When the Real Estate Investment Trust (REIT) analysts at UBS A.G. (NYSE: UBS) launched their U.S Select REIT portfolio, the idea was to have a flexible portfolio that could be added to or deleted from as the market or fundamentals changed. The portfolio is designed to have a list of names to buy that are the highest conviction stock ideas from their coverage universe. The UBS portfolio is skewed heavily to multifamily REITs, reflecting their view that this property type offers the best relative value in the REIT sector. They also remain Overweight on class A malls/outlets and select office REITs.

Here are the top REIT stocks to buy, according to UBS.

BRE Properties Inc. (NYSE: BRE) assets generally are situated in premium supply-constrained markets of the United States that have fared comparatively well post recession. This drives value and mitigates operating risks, by generating relatively steady revenue growth. In addition, the improving apartment sector will enable the company to witness significant demand for its upscale communities in the coming years. Moreover, BRE Properties has a strong financial position with minimal debt levels. The UBS price target for the stock is $54. The Thomson/First Call estimate is at $51.50. Investors are paid a 3.0% dividend. REIT dividend can include return of principal.

UDR Inc. (NYSE: UDR) acquires, renovates, develops and manages primarily apartment properties and other commercial assets and owns or had ownership interests in 54,195 apartment homes, including 2,887 apartment homes under construction. UDR’s communities are located in Calif., Va., N.Y., Mass., Fla., Tenn., Md. and D.C. UDR owns a 100% general partner interest and a 94.9% limited partnership interest in its UpReit general partnership, United Dominion Realty. The UBS price target for the stock is $27 while the consensus is at $26. Investors are paid a 3.6% dividend.

Avalonbay Communities Inc. (NYSE: AVB) delivered a positive earnings surprise of about 2.5% for the second quarter of 2013. This apartment real estate investment trust reported core funds from operations (FFO) of $1.62 per share, beating the consensus estimate of $1.58 per share.
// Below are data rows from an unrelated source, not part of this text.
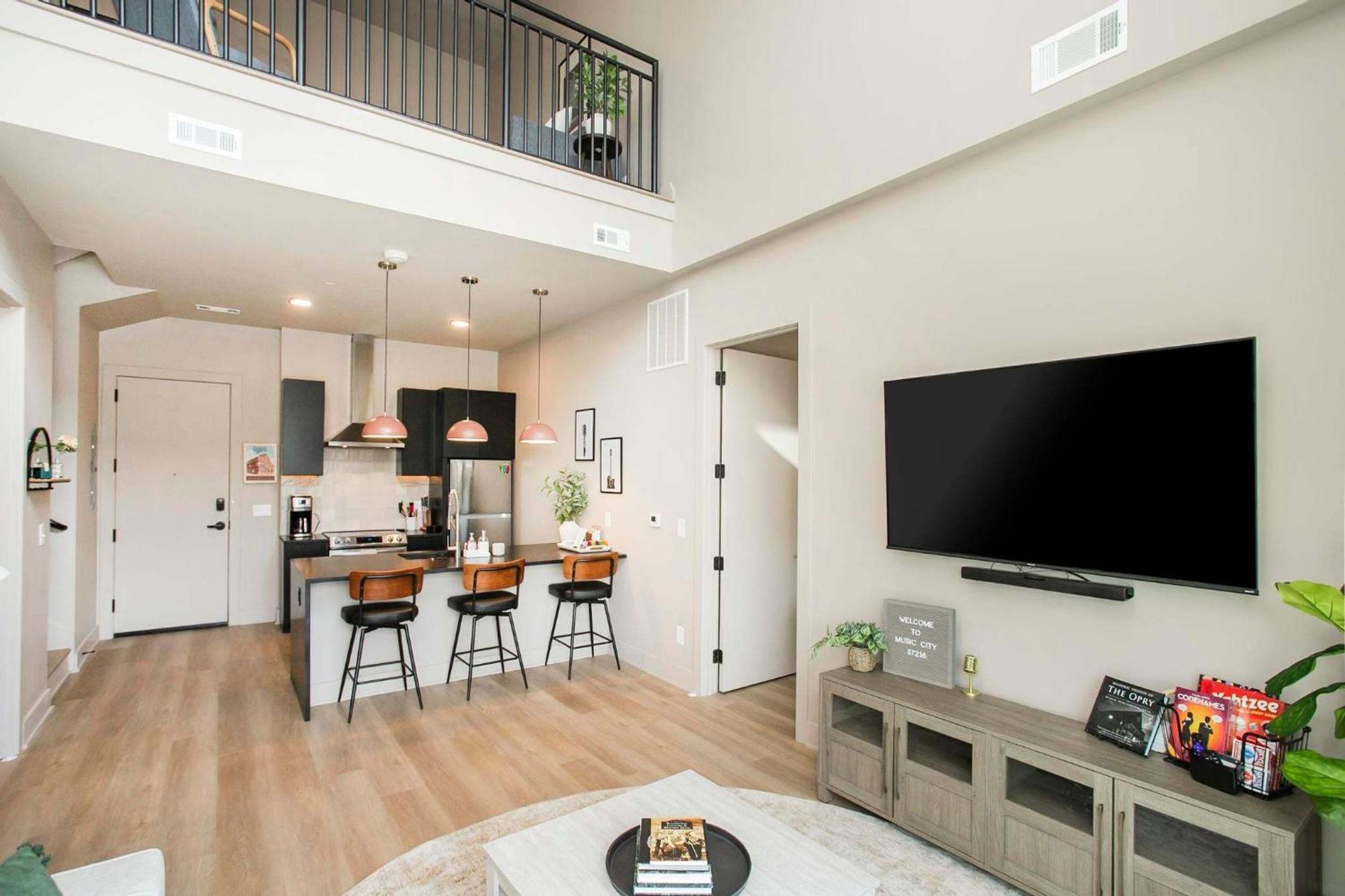 Chic 2br With Loft In East Nash Sleeps 6 Apartment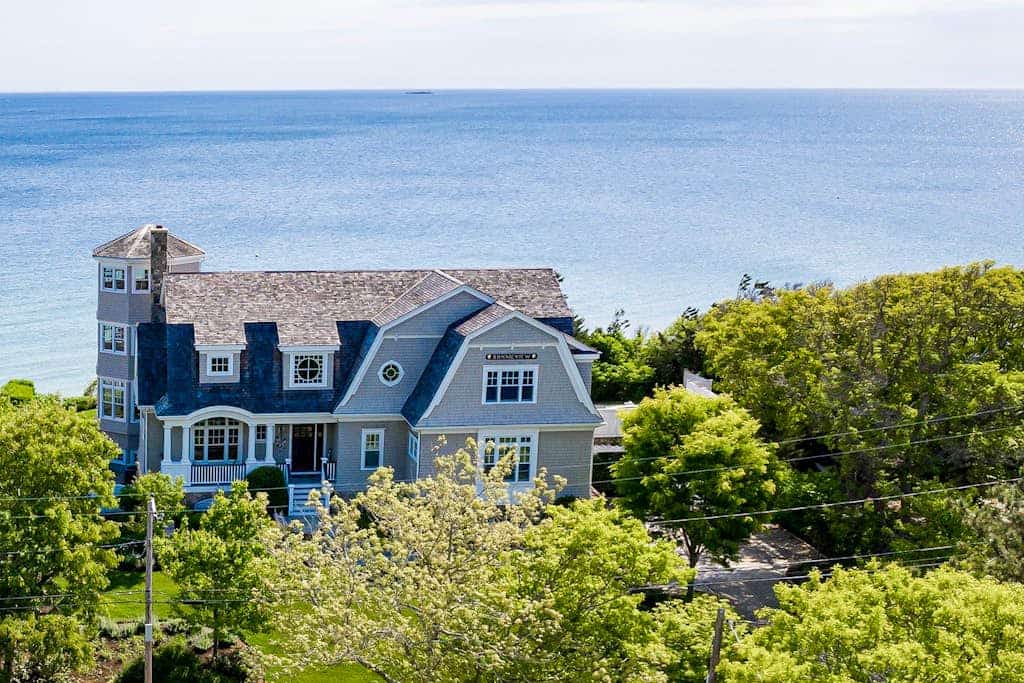 Exquisite oceanfront home with pool, pool spa, balcony, kayaks, & W/D
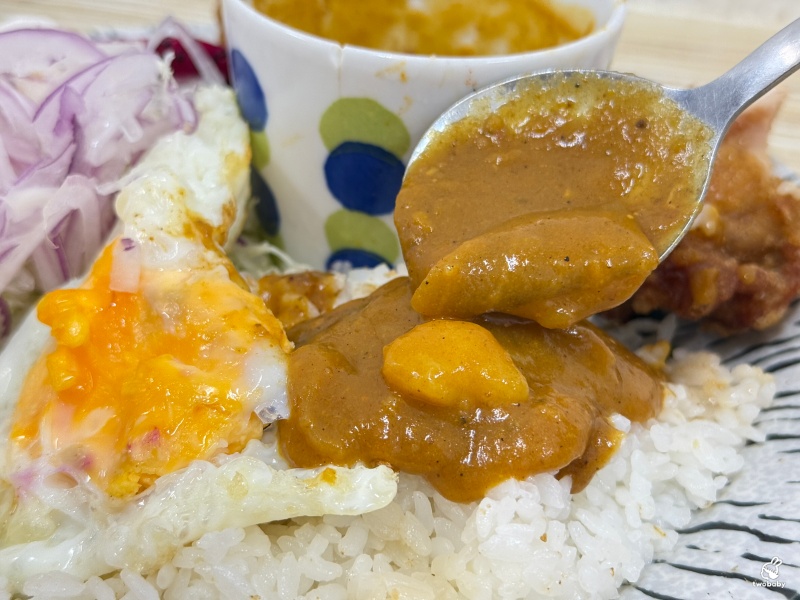 十巷咖哩｜中山區平價咖哩神店，咖哩醬白飯免費續到飽！ @兔貝比的菲比尋嚐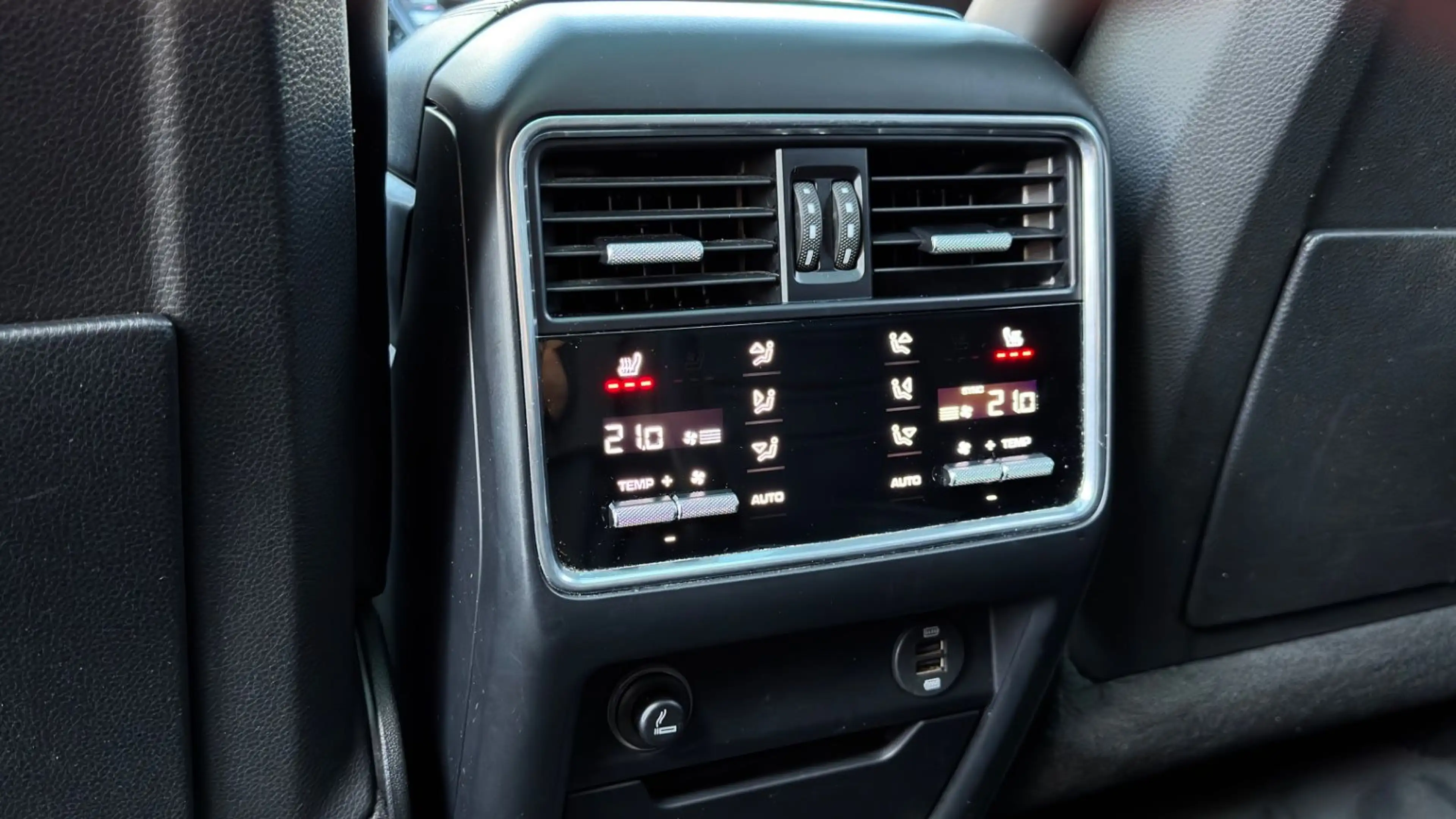 Porsche Cayenne Turbo*APPROVED GARANTIE*1HAND*Sp.Chrono — photo 28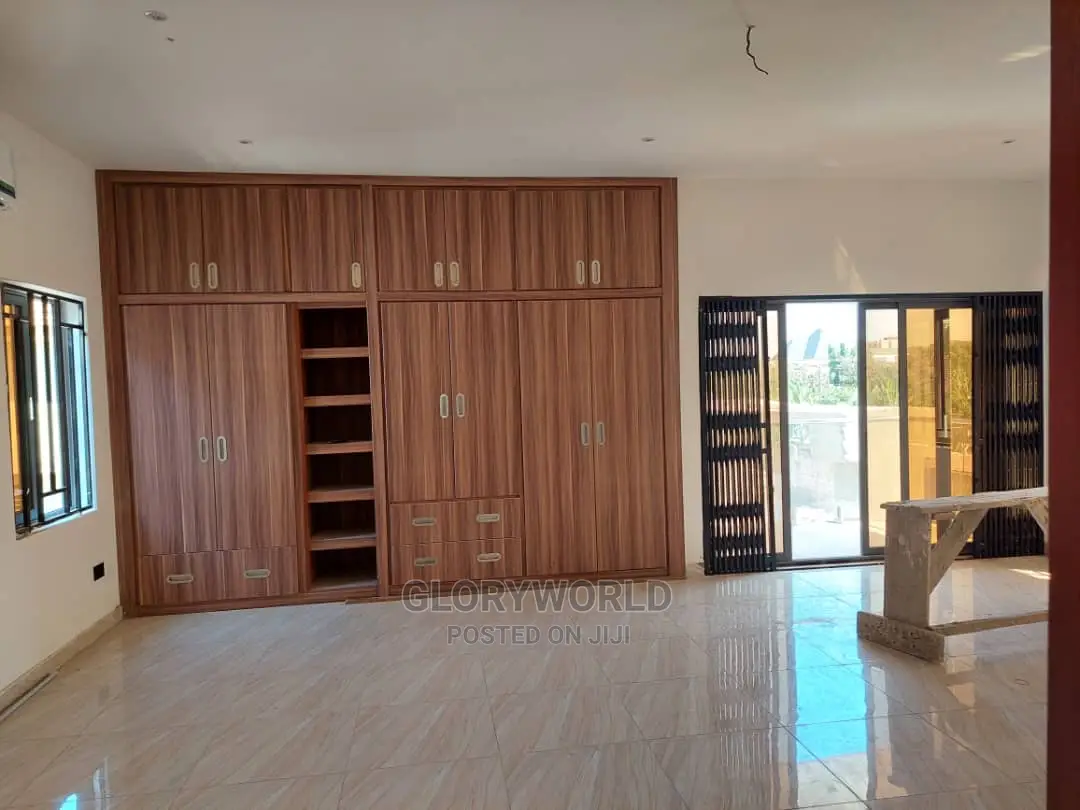 4bdrm House in Spintex for sale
The core FFO per share was also 20.9% ahead of the prior-year quarter figure. The UBS price target for this top name is $142, and the consensus is at $143. Investors receive a 3.0% dividend.

Equity Residential (NYSE: EQR) focuses primarily on major markets, where it stands to benefit rising rents in many urban areas. The company derives significant leverage from a small increase in revenues, and while shares have underperformed the S&P 500 year to date, it is due to unfounded fears related to increased supply and interest rates. UBS has a $63 price target on the stock, and the consensus target is at $62. Investors are paid a 2.7% dividend.

Tanger Factory Outlet Centers Inc. (NYSE: SKT) is considered to have one of the best management teams in the REIT industry. The company, through its subsidiary, Tanger Properties, engages in acquiring, developing, owning, operating and managing factory outlet shopping centers. As of September 30, 2005, Tanger owned and operated 33 factory outlet centers in 22 states, totaling 8.7 million square feet of gross leasable area. UBS has a $41 price target, and the consensus stands at $39.50. Shareholders receive a 2.5% dividend.

Simon Property Group Inc. (NYSE: SPG) is the top name in the REIT universe and continues to dominate the large class A mall arena. The firm invests in the real estate markets across the globe. It primarily invests in regional malls, Premium Outlets, The Mills, community/lifestyle centers and international properties to create its portfolio. The UBS price target for this leader is $192, the consensus target is at $190. Investors are paid a 2.8% dividend.

With an improving economy and some semblance of job creation, consumers slowly but surely are starting to feel more confident. The REIT industry has consolidated over the past five years, leaving the best names standing and the highly leveraged, poorly run concerns in the history books. Solid growth combined with good dividends always makes sense in a well-rounded portfolio.